7. Jesús tiene conciencia de que, en su doctrina, se manifiesta a los hombres la Sabiduría eterna. Por esto reprende a los que la rechazan, no dudando en evocar a la "reina del Sur", la "reina de Saba", que vino "para oír la sabiduría de Salomón", y afirmando inmediatamente: "Y aquí hay algo más que Salomón" (Mt 12, 42),
Sabe también, y lo proclama abiertamente, que las palabras que proceden de esa Sabiduría divina "no pasarán": "EL cielo y la tierra pasarán, pero mis palabras no pasarán" (Mc 13, 31). En efecto, éstas contienen la fuerza de la verdad, que es indestructible y eterna. Son, pues, "palabras de vida eterna", como confesó el Apóstol Pedro en un momento crítico, cuando muchos de los que se habían reunido para oír a Jesús empezaron a marcharse, porque no lograban entender y no querían aceptar aquellas palabras que preanunciaban el misterio de la Eucaristía (Cfr. Jn 6, 66),
8. Se toca aquí el problema de la libertad del hombre, que puede aceptar o rechazar la verdad eterna contenida en la doctrina de Cristo, válida ciertamente, para dar a los hombres de todos los tiempos (y, por tanto, también a los hombres de nuestro tiempo) una respuesta adecuada a su vocación, que es una vocación con apertura eterna. Frente a este problema, que tiene una dimensión teológica, pero también antropológica (el modo como el hombre reacciona y se comporta ante una propuesta de verdad), será suficiente, por ahora, recurrir a lo que dice el Concilio Vaticano II especialmente con relación a la sensibilidad particular de los hombres de hoy. El Concilio afirma, en primer lugar, que "todos los hombres están obligados a buscar la verdad, sobre todo en lo referente a Dios y a su Iglesia"; pero dice también que "la verdad no se impone de otra manera que por la fuerza de la misma verdad, que penetra suave y a la vez fuertemente en las almas" (Dignitatis humanae, 1). El Concilio recuerda, además, el deber que tienen los hombres de "adherirse a la verdad conocida y ordenar toda su vida según las exigencias de la verdad". Después añade: "Pero los hombres no pueden satisfacer esta obligación de forma adecuada a su propia naturaleza si no gozan de libertad psicológica, al mismo tiempo que de inmunidad de coacción externa (Ib., 2).

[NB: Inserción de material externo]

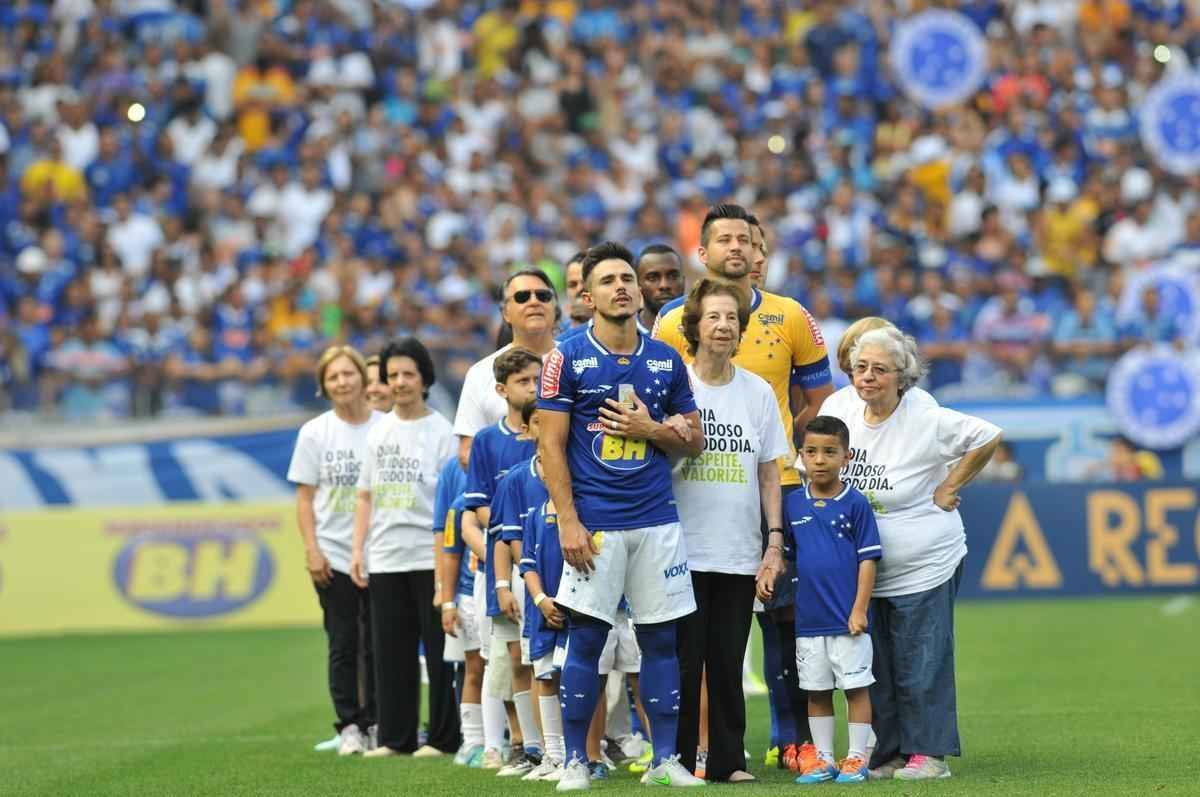 Imagens da torcida do Cruzeiro no jogo contra o Grmio no Mineiro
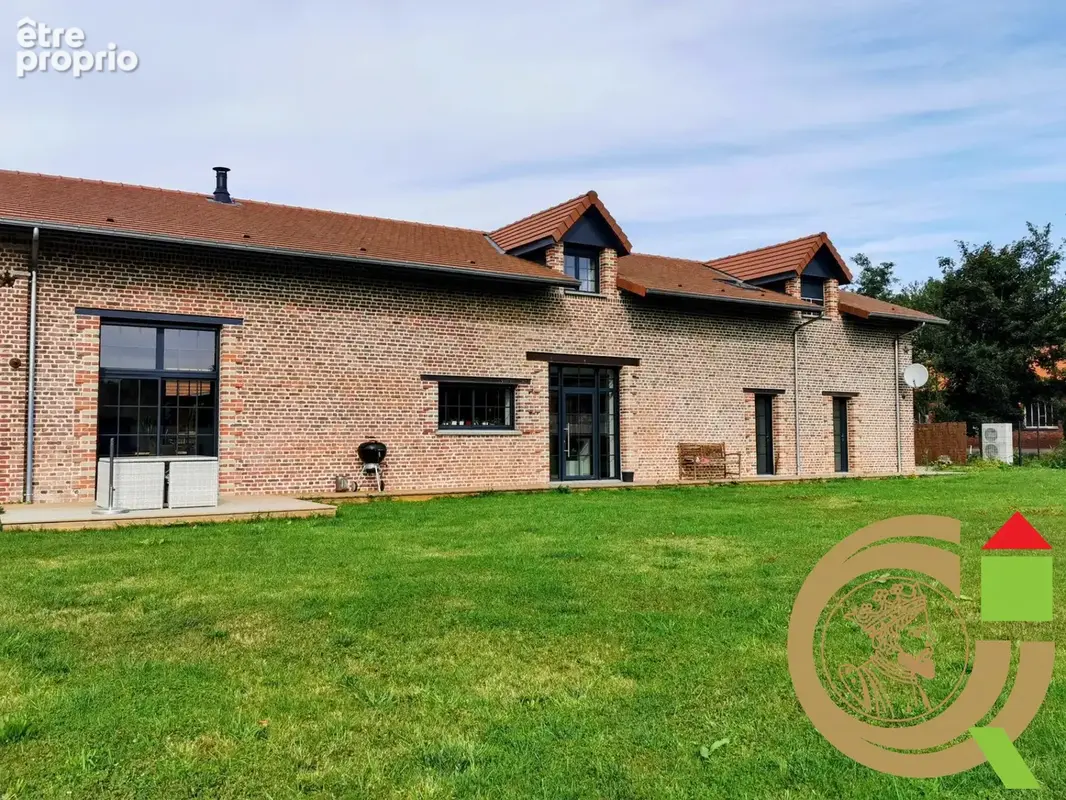 Photo Maison à Boubers-Sur-Canche au prix de 630 000€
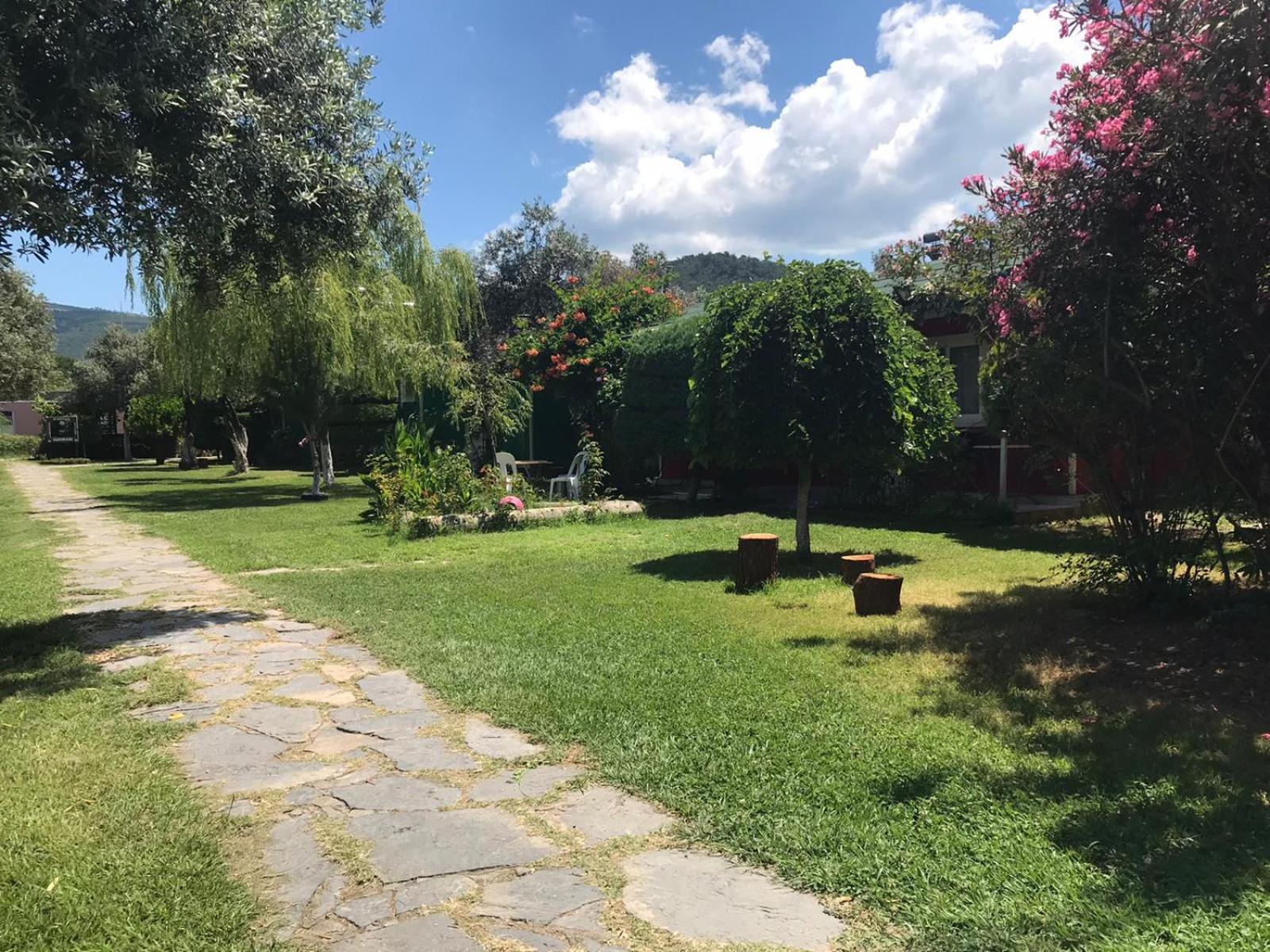Hotel Cicek Evler Tatil Koeyue Armutlu Esterno foto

9. He aquí la misión de Cristo como maestro de verdad eterna. El Concilio, después de recordar que "Dios llama ciertamente a los hombres a servirle en espíritu y en verdad Porque Dios tiene en cuenta la dignidad de la persona humana, que Él mismo ha creado", añade que "esto se hizo patente sobre todo en Cristo Jesús, en quien Dios se manifestó perfectamente a Sí mismo y descubrió sus caminos. En efecto, Cristo, que es Maestro y Señor nuestro, manso y humilde de corazón, atrajo e invitó pacientemente a los discípulos. Cierto que apoyó y confirmó su predicación con milagros para excitar y robustecer la fe de los oyentes, pero no para ejercer coacción sobre ellos".
Y, por último, relaciona esta dimensión de la doctrina de Cristo con el misterio pascual: "Finalmente, al completar en la cruz la obra de la redención, con la que adquiría para los hombres la salvación y la verdadera libertad, concluyó su revelación. Dio, en efecto, testimonio de la verdad, pero no quiso imponerla por la fuerza a los que le contradecían. Porque su reino no se defiende a golpes, sino que se establece dando testimonio de la verdad y prestándole oído, y crece por el amor con que Cristo, levantado en la cruz, atrae a los hombres a si mismo" (Ib., 11).
Podemos, pues, concluir ya desde ahora que quien busca sinceramente la verdad encontrará bastante fácilmente en el magisterio de Cristo crucificado la solución, incluso del problema de la libertad.